▶ _Instructions to follow_: Copy down all of the data underneath, exactly as shown.

[Dataset entries]
------

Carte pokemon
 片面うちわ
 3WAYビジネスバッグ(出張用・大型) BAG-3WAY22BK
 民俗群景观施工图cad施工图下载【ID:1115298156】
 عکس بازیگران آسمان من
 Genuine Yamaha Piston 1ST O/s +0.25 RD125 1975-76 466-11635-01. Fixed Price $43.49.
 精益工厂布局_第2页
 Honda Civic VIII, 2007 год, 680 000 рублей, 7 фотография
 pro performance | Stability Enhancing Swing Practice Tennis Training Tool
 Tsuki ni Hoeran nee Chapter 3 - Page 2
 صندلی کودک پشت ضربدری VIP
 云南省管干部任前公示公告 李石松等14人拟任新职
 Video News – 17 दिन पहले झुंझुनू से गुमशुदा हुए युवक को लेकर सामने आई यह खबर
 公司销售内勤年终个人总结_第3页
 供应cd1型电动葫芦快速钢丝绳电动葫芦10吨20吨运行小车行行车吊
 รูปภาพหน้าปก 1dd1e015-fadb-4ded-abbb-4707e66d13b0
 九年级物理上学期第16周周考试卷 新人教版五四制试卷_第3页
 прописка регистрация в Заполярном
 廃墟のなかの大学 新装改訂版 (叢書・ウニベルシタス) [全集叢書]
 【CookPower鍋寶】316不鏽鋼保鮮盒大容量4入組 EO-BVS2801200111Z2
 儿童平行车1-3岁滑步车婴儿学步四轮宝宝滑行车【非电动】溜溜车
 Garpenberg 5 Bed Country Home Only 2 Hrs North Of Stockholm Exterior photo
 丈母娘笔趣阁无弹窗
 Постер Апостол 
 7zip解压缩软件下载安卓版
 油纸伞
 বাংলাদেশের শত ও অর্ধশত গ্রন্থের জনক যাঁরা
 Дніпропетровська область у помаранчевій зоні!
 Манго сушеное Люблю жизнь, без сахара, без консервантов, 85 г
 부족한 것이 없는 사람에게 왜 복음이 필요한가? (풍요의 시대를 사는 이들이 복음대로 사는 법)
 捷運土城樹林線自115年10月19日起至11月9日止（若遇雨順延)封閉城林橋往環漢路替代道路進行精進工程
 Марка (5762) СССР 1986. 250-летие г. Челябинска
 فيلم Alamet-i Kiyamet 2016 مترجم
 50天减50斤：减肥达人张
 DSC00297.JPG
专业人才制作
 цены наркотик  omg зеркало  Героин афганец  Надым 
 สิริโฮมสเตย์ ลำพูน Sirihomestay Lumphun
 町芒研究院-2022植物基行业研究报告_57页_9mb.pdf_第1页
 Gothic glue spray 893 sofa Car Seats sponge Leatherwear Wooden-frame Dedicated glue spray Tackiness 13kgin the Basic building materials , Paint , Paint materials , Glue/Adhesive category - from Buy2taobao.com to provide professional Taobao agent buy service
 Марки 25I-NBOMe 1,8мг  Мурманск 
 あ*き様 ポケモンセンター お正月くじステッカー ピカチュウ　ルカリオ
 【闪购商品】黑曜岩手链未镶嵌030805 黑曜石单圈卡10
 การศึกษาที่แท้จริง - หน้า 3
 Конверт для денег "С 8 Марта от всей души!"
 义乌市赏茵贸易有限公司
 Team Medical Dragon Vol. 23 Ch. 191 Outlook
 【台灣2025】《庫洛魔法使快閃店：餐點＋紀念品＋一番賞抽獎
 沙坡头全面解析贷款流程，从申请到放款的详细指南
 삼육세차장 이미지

------

▶ _Solved problem_:
Carte pokemon
 片面うちわ
 3WAYビジネスバッグ(出張用・大型) BAG-3WAY22BK
 民俗群景观施工图cad施工图下载【ID:1115298156】
 عکس بازیگران آسمان من
 Genuine Yamaha Piston 1ST O/s +0.25 RD125 1975-76 466-11635-01. Fixed Price $43.49.
 精益工厂布局_第2页
 Honda Civic VIII, 2007 год, 680 000 рублей, 7 фотография
 pro performance | Stability Enhancing Swing Practice Tennis Training Tool
 Tsuki ni Hoeran nee Chapter 3 - Page 2
 صندلی کودک پشت ضربدری VIP
 云南省管干部任前公示公告 李石松等14人拟任新职
 Video News – 17 दिन पहले झुंझुनू से गुमशुदा हुए युवक को लेकर सामने आई यह खबर
 公司销售内勤年终个人总结_第3页
 供应cd1型电动葫芦快速钢丝绳电动葫芦10吨20吨运行小车行行车吊
 รูปภาพหน้าปก 1dd1e015-fadb-4ded-abbb-4707e66d13b0
 九年级物理上学期第16周周考试卷 新人教版五四制试卷_第3页
 прописка регистрация в Заполярном
 廃墟のなかの大学 新装改訂版 (叢書・ウニベルシタス) [全集叢書]
 【CookPower鍋寶】316不鏽鋼保鮮盒大容量4入組 EO-BVS2801200111Z2
 儿童平行车1-3岁滑步车婴儿学步四轮宝宝滑行车【非电动】溜溜车
 Garpenberg 5 Bed Country Home Only 2 Hrs North Of Stockholm Exterior photo
 丈母娘笔趣阁无弹窗
 Постер Апостол 
 7zip解压缩软件下载安卓版
 油纸伞
 বাংলাদেশের শত ও অর্ধশত গ্রন্থের জনক যাঁরা
 Дніпропетровська область у помаранчевій зоні!
 Манго сушеное Люблю жизнь, без сахара, без консервантов, 85 г
 부족한 것이 없는 사람에게 왜 복음이 필요한가? (풍요의 시대를 사는 이들이 복음대로 사는 법)
 捷運土城樹林線自115年10月19日起至11月9日止（若遇雨順延)封閉城林橋往環漢路替代道路進行精進工程
 Марка (5762) СССР 1986. 250-летие г. Челябинска
 فيلم Alamet-i Kiyamet 2016 مترجم
 50天减50斤：减肥达人张
 DSC00297.JPG
专业人才制作
 цены наркотик  omg зеркало  Героин афганец  Надым 
 สิริโฮมสเตย์ ลำพูน Sirihomestay Lumphun
 町芒研究院-2022植物基行业研究报告_57页_9mb.pdf_第1页
 Gothic glue spray 893 sofa Car Seats sponge Leatherwear Wooden-frame Dedicated glue spray Tackiness 13kgin the Basic building materials , Paint , Paint materials , Glue/Adhesive category - from Buy2taobao.com to provide professional Taobao agent buy service
 Марки 25I-NBOMe 1,8мг  Мурманск 
 あ*き様 ポケモンセンター お正月くじステッカー ピカチュウ　ルカリオ
 【闪购商品】黑曜岩手链未镶嵌030805 黑曜石单圈卡10
 การศึกษาที่แท้จริง - หน้า 3
 Конверт для денег "С 8 Марта от всей души!"
 义乌市赏茵贸易有限公司
 Team Medical Dragon Vol. 23 Ch. 191 Outlook
 【台灣2025】《庫洛魔法使快閃店：餐點＋紀念品＋一番賞抽獎
 沙坡头全面解析贷款流程，从申请到放款的详细指南
 삼육세차장 이미지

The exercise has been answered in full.